■ What you have to do:
As you work through the listing below, copy each line exactly and drop the images.

*** Data provided

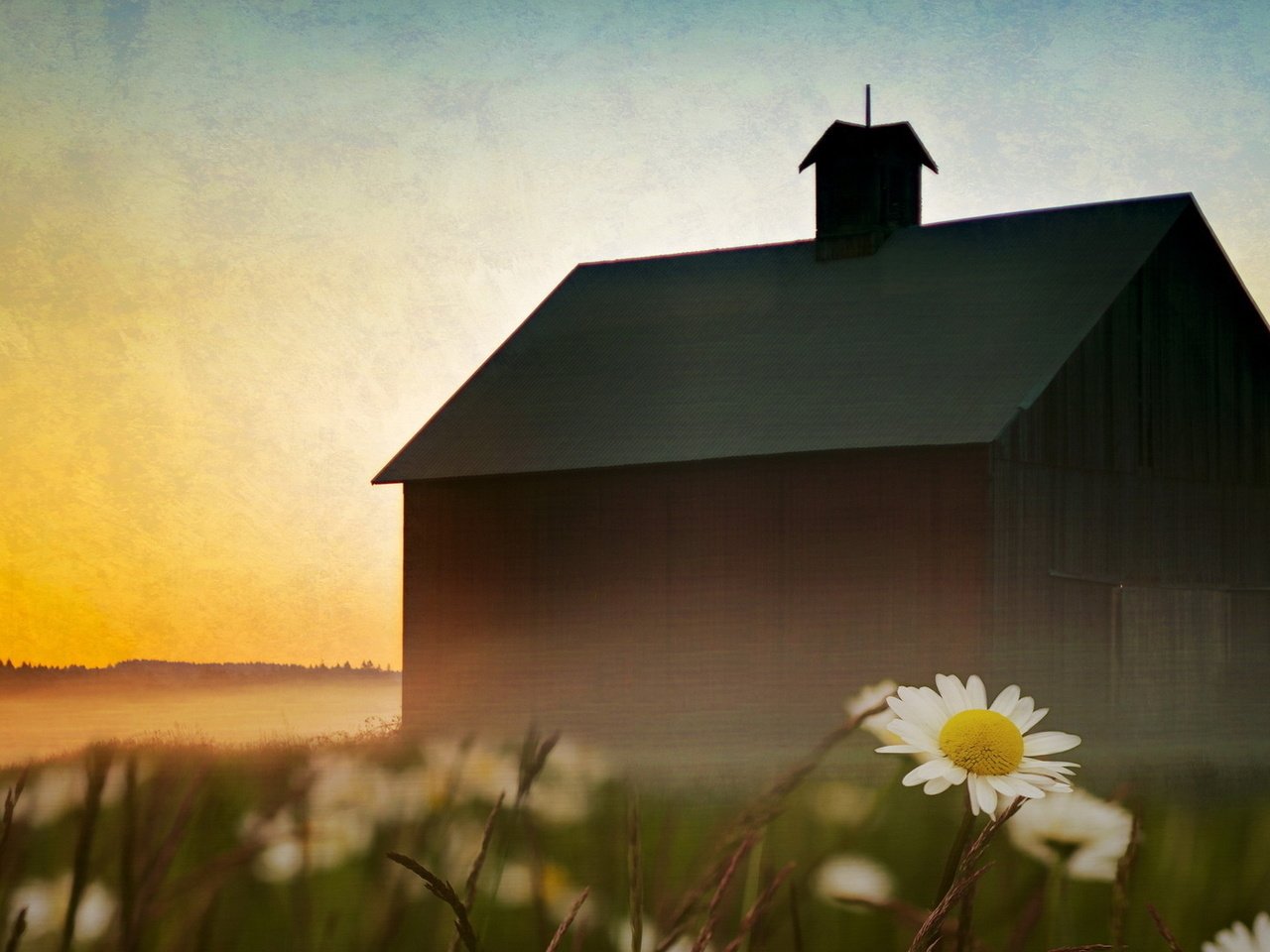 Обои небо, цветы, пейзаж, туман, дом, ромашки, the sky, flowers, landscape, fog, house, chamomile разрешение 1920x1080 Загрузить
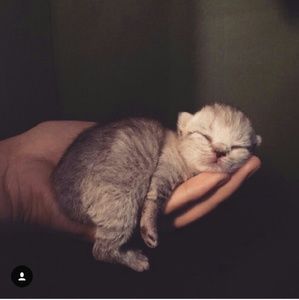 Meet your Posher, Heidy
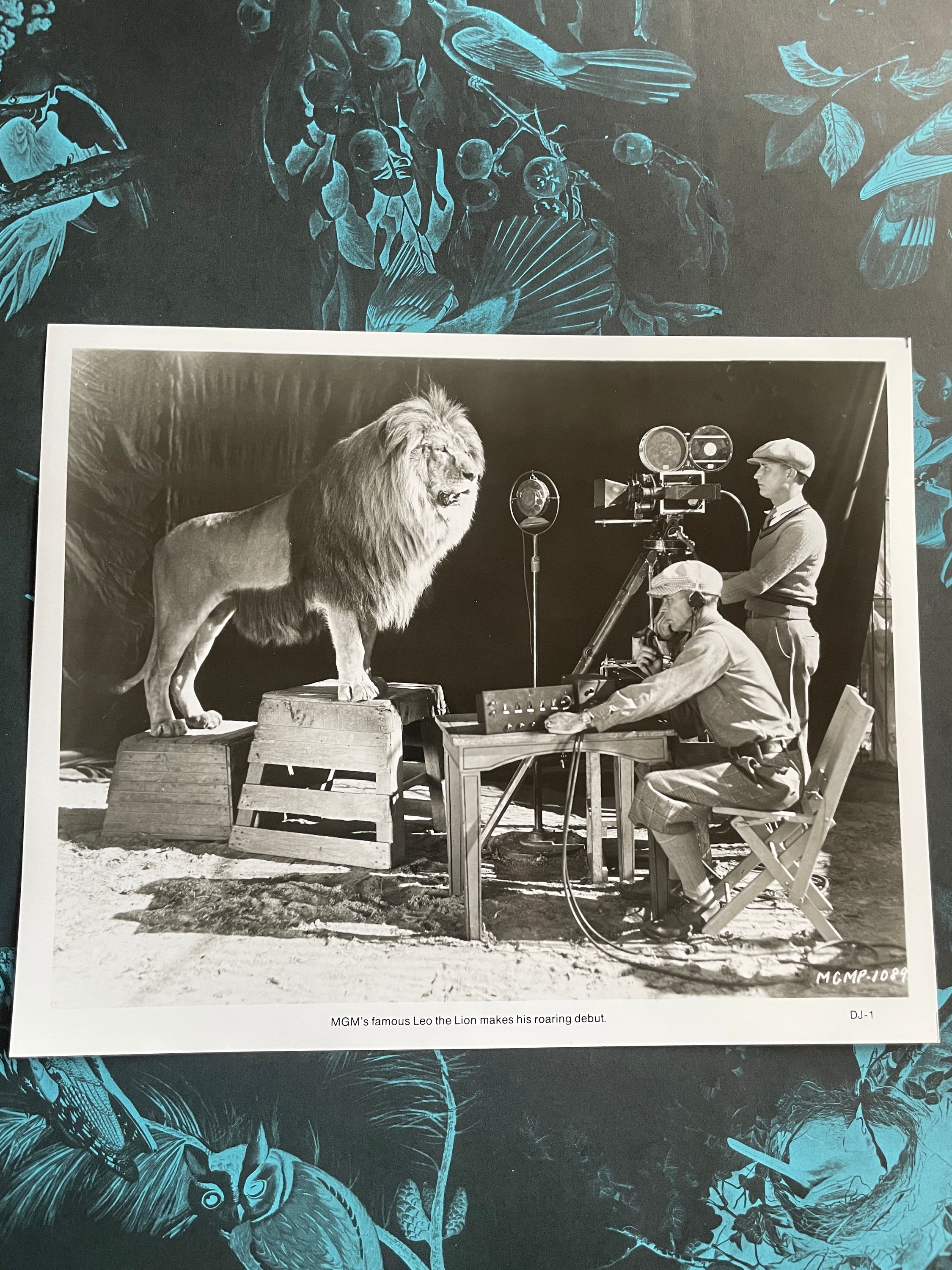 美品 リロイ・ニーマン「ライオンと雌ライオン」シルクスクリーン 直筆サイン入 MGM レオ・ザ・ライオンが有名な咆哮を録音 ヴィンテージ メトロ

******

■ Solution:
 Обои небо, цветы, пейзаж, туман, дом, ромашки, the sky, flowers, landscape, fog, house, chamomile разрешение 1920x1080 Загрузить
 Meet your Posher, Heidy
 美品 リロイ・ニーマン「ライオンと雌ライオン」シルクスクリーン 直筆サイン入 MGM レオ・ザ・ライオンが有名な咆哮を録音 ヴィンテージ メトロ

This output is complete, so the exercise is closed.